SYSTEM "You are a senior Linux and DevOps engineer. Answer concisely, lead with the exact command."

ollama create cfg-devops -f Modelfile

Now query the model you just trained, served entirely from your own machine:

ollama run cfg-devops "How do I drain a Kubernetes node for maintenance?"

The model answers in the voice it was trained on, served from the local GGUF with no Python and no GPU memory held open by a training process:

Run `kubectl drain <node> && sudo shutdown -r now`. The `drain` evicts pods and then it's safe to reboot.

The same terse, command-first style, now served from a local GGUF:

From here the model behaves like any other Ollama model, so it drops straight into the tools you already use. Point Open WebUI at it for a chat interface, or call it from a script through the Ollama API.

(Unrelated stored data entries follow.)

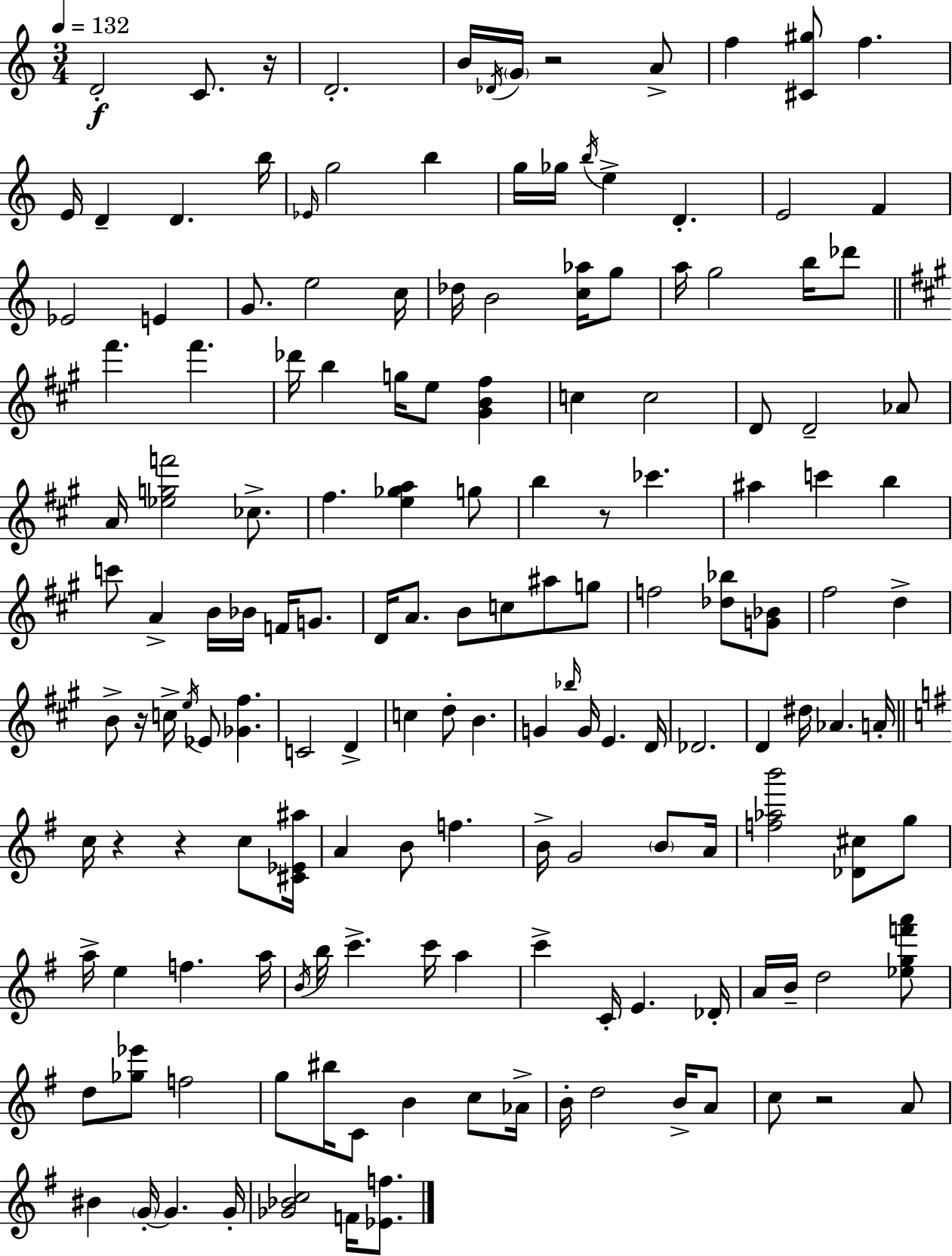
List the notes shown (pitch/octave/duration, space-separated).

D4/h C4/e. R/s D4/h. B4/s Db4/s G4/s R/h A4/e F5/q [C#4,G#5]/e F5/q. E4/s D4/q D4/q. B5/s Eb4/s G5/h B5/q G5/s Gb5/s B5/s E5/q D4/q. E4/h F4/q Eb4/h E4/q G4/e. E5/h C5/s Db5/s B4/h [C5,Ab5]/s G5/e A5/s G5/h B5/s Db6/e F#6/q. F#6/q. Db6/s B5/q G5/s E5/e [G#4,B4,F#5]/q C5/q C5/h D4/e D4/h Ab4/e A4/s [Eb5,G5,F6]/h CES5/e. F#5/q. [E5,Gb5,A5]/q G5/e B5/q R/e CES6/q. A#5/q C6/q B5/q C6/e A4/q B4/s Bb4/s F4/s G4/e. D4/s A4/e. B4/e C5/e A#5/e G5/e F5/h [Db5,Bb5]/e [G4,Bb4]/e F#5/h D5/q B4/e R/s C5/s E5/s Eb4/e [Gb4,F#5]/q. C4/h D4/q C5/q D5/e B4/q. G4/q Bb5/s G4/s E4/q. D4/s Db4/h. D4/q D#5/s Ab4/q. A4/s C5/s R/q R/q C5/e [C#4,Eb4,A#5]/s A4/q B4/e F5/q. B4/s G4/h B4/e A4/s [F5,Ab5,B6]/h [Db4,C#5]/e G5/e A5/s E5/q F5/q. A5/s B4/s B5/s C6/q. C6/s A5/q C6/q C4/s E4/q. Db4/s A4/s B4/s D5/h [Eb5,G5,F6,A6]/e D5/e [Gb5,Eb6]/e F5/h G5/e BIS5/s C4/e B4/q C5/e Ab4/s B4/s D5/h B4/s A4/e C5/e R/h A4/e BIS4/q G4/s G4/q. G4/s [Gb4,Bb4,C5]/h F4/s [Eb4,F5]/e.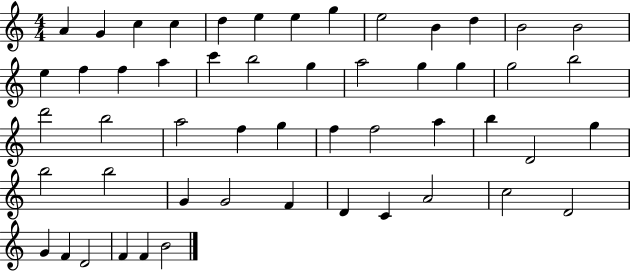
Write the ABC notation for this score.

X:1
T:Untitled
M:4/4
L:1/4
K:C
A G c c d e e g e2 B d B2 B2 e f f a c' b2 g a2 g g g2 b2 d'2 b2 a2 f g f f2 a b D2 g b2 b2 G G2 F D C A2 c2 D2 G F D2 F F B2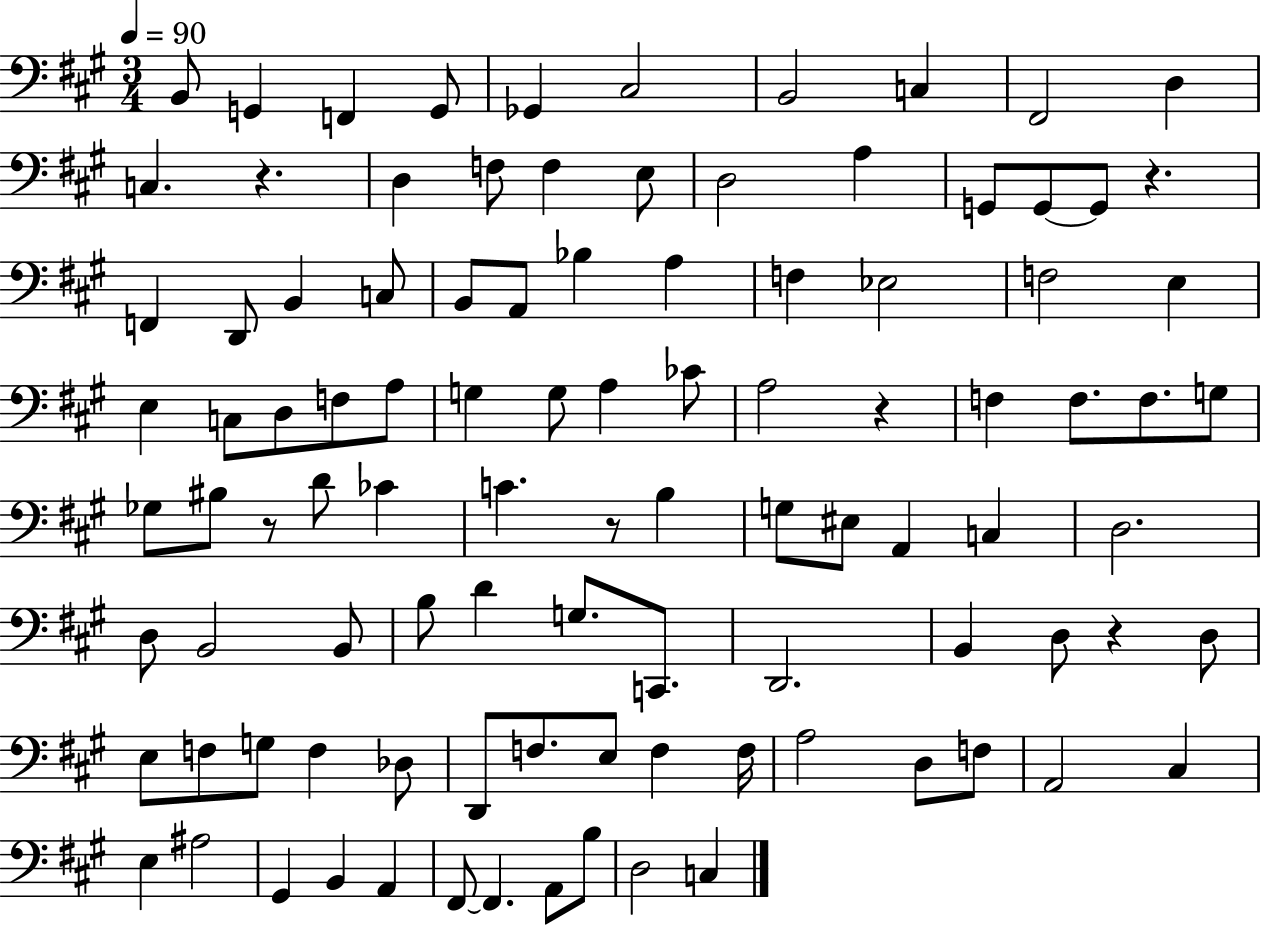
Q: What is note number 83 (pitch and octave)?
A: C#3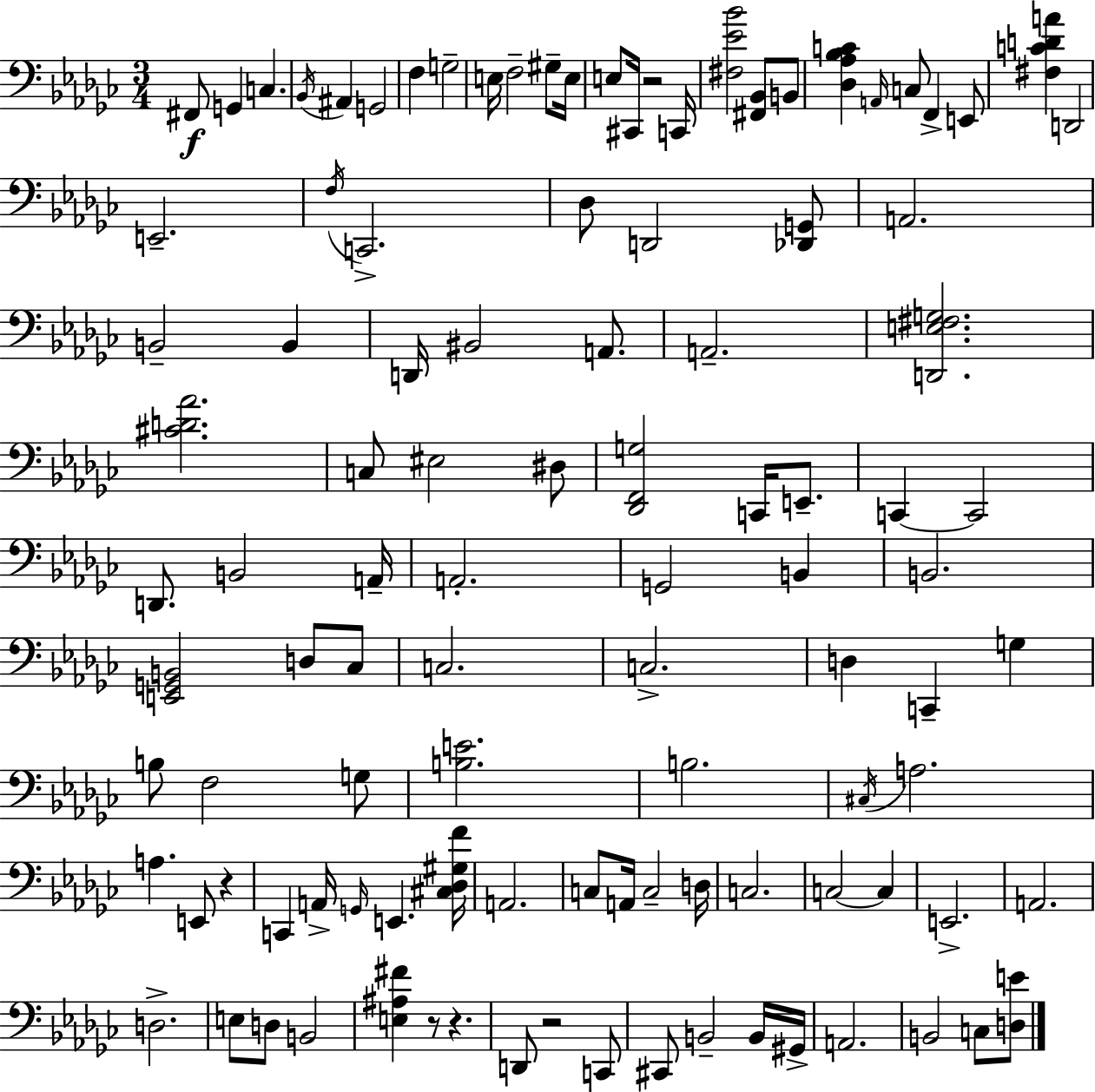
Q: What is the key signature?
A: EES minor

Tuning the run: what moves loss and VRAM

Once the pipeline works, four knobs decide the outcome, and they trade against each other. These are the levers to reach for when a run underfits, overfits, or runs out of memory:

Knob	Effect	When to change it
`num_train_epochs`	How many passes over the data	Raise if the model ignores your style; lower if answers start repeating training examples verbatim
`r` (LoRA rank)	Capacity of the adapters	8 to 16 for style or domain tone; 32 or 64 only for teaching genuinely new knowledge, at higher VRAM
`max_seq_length`	Token window per example	The biggest VRAM lever; keep it just above your longest example
`per_device_train_batch_size`	Examples per step	Raise to use spare VRAM and speed up; if you hit an out-of-memory error, drop this first and raise gradient accumulation to compensate

The starting point in this guide (rank 16, three epochs, 2048-token window, batch 2) is a good default for an 8B style fine-tune on a 24 GB card, and it left most of the card unused. That headroom is the room to grow into a larger model, a longer context, or a bigger dataset before you ever need to rent a second GPU.